What is primary biliary cirrhosis (PBC)?
Primary biliary cirrhosis (PBC) is a chronic liver disease that causes slow, progressive destruction of bile ducts in the liver. This destruction interferes with the excretion of bile. Continued liver inflammation causes scarring and eventually leads to
cirrhosis. Cirrhosis is present only in the later stage of the disease.
Primary biliary cirrhosis progressively destroys the system that drains bile from the liver into the intestines. Bile is a collection of waste products excreted by the liver. As the disease progresses it also scars the liver, leading to cirrhosis. Bile, a substance that helps digest fat, leaves the liver through these ducts. When the ducts are damaged, bile builds up in the liver and damages liver tissue. Over time, the disease can cause cirrhosis and may make the liver stop working.
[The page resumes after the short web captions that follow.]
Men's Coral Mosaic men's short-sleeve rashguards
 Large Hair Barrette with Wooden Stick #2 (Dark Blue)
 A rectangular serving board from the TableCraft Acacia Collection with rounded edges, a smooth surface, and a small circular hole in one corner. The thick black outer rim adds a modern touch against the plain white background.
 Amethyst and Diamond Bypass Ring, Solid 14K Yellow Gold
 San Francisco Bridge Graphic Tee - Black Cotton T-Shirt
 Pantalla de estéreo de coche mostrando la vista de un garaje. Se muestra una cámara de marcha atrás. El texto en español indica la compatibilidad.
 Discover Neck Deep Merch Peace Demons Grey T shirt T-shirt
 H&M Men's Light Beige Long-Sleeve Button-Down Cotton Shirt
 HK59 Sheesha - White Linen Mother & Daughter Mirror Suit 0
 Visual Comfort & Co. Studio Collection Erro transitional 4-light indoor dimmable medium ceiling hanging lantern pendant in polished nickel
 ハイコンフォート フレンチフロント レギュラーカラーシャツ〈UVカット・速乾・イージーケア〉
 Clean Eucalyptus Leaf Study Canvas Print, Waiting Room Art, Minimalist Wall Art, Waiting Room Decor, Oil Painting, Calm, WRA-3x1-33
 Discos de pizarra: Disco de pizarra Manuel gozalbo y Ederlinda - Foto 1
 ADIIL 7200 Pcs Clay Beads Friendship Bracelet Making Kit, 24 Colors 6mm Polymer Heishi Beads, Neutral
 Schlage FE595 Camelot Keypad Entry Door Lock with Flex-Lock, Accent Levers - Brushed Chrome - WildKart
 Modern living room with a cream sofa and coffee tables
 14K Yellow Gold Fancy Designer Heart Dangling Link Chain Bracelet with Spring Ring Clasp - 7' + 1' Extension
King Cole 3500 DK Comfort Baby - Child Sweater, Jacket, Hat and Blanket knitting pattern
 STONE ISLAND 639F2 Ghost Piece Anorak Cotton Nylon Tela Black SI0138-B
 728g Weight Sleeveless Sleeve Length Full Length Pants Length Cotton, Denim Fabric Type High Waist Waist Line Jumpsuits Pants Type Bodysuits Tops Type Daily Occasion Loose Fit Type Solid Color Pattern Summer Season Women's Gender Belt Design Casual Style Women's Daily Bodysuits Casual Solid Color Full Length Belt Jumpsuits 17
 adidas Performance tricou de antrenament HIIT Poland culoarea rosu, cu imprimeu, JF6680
Bile contains substances required for digestion and absorption of fat called bile acids, as well as other compounds that are waste products, such as the pigment bilirubin. (Bilirubin is a yellow-orange compound produced by the breakdown of hemoglobin from old red blood cells.) Bile is stored in the gallbladder between meals and discharged into the small intestine during digestion of the meals.
Although the cause of this serious condition is not known, it has many features to suggest that it is an autoimmune disease. Autoimmunity describes the process whereby the body's defense mechanisms are turned against itself. The immune system is supposed to recognize and attack only dangerous foreign invaders like germs, but many times it attacks, for no apparent reason, the cells of the body itself. Autoimmune reactions occur in many different tissues of the body, creating a great variety of diseases.
Women are affected 10 times more frequently than men. The disease usually is first diagnosed in people 30 to 60 years old. Many patients have no symptoms of disease and are diagnosed by finding an abnormality on routine liver blood tests. Itching and fatigue are common symptoms. Other signs include jaundice, cholesterol deposits in the skin, fluid accumulation and darkening of the skin. Several other disorders are often associated with PBC. The most common are impaired functioning of the tear and salivary glands, causing dry eyes or mouth. Arthritis and thyroid problems may also be present. Bone softening and fragility leading to fractures can occur in late stages of the disease.